Quero colaborar com a reflexão do meu mestre Ricardo Guedes em seu artigo sobre [...]

Quero colaborar com a reflexão do meu mestre Ricardo Guedes em seu artigo sobre o cenário brasileiro atual.

​O risco de ruptura ou um vácuo histórico de fato pode acontecer.

​Acho que, mesmo antes de 1929, não tivemos sossego; na verdade, começamos errados.

​O Brasil é fruto de um assalto aos povos que habitavam estas terras, e de lá até aqui temos uma dificuldade identitária.

​Claro que existem exceções na política, no meio empresarial, na religião e nas instituições, mas parece que a regra é o “cada um por si e Deus para todos”.

​Nada vai bem sem o senso de nação.
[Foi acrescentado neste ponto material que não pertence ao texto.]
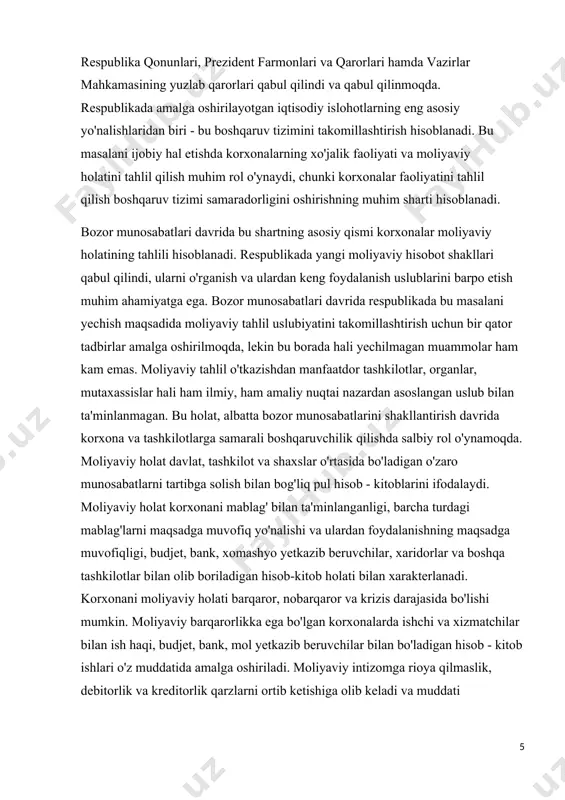 ot, menejment va marketing, statistika, buxgalterrya hisobi, audit, moliya, kredit, pul muomalasi va boshqalar tashkil etadi, demak, tahlilchi mutaxassis-auditorlar keng iqtisodiy ilmga ega bo'lishlari lozim. korxonalarning moliyaviy holatini tahlil qilish, ya'ni moliyaviy tahlil - bu keng ko'rsatkichlar yordamida, kompleks usullaridan foydalanib komonalarning moliyaviy resurslari borligini, holatini, joylashganligi va ulardan foydalanish darajasini ifodalashdir. moliyaviy tahlil ko'p qirrali murakkub jarayon bo'lib, u tashkil qilinishi, buning uchun esu bir qator talablarga asoslanishi kerak. bu talablur quyidagilardun iborat: - absolut va nisbiy ko'rsatkichlar o'rtasidagi aloqalarni borligini bilish; - moliyaviy tahlil mobaynida absolut va nisbiy ko'rsatkichlardan birgalikda foydalanish; - moliyaviy tahlil mantiqiy ravishda amalga oshirilib, u induktiv usulga - alohida hodisalardan umumiy hodisalarga o'tish, moliyaviy holatning bir shakl ko'rinishidan umumiy ko'rinishga o'tish va deduktiv usulga - umumiy hodisalardan alohida hodisalarga o'tishga asoslanib tahlil qilish, hamma foydalanilayotgan ko'rsatkichlar bir xil, asoslangan usulda aniqlanishi lozim; moliyaviy holatni tahlil qilishda tahlil qilinayotgan korxona ko'rsatkichlarini boshqa korxonalar, o'rtacha tarmoq …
Temos gente que idolatra o presidente americano, gente que se diz “de bem”, mas na prática é o contrário, e gente que não está nem aí.

​Hoje, na gestão pública, não temos apenas um Executivo: o legislador virou executivo; na Justiça, o juiz virou acusador, o promotor virou juiz, e os advogados perdem suas prerrogativas.

​A ruptura, se viesse com uma arrumação, seria benéfica, mas…

​Sou adepto do verbo esperançar, de Paulo Freire; quiçá, depois da tempestade, um novo tempo surja.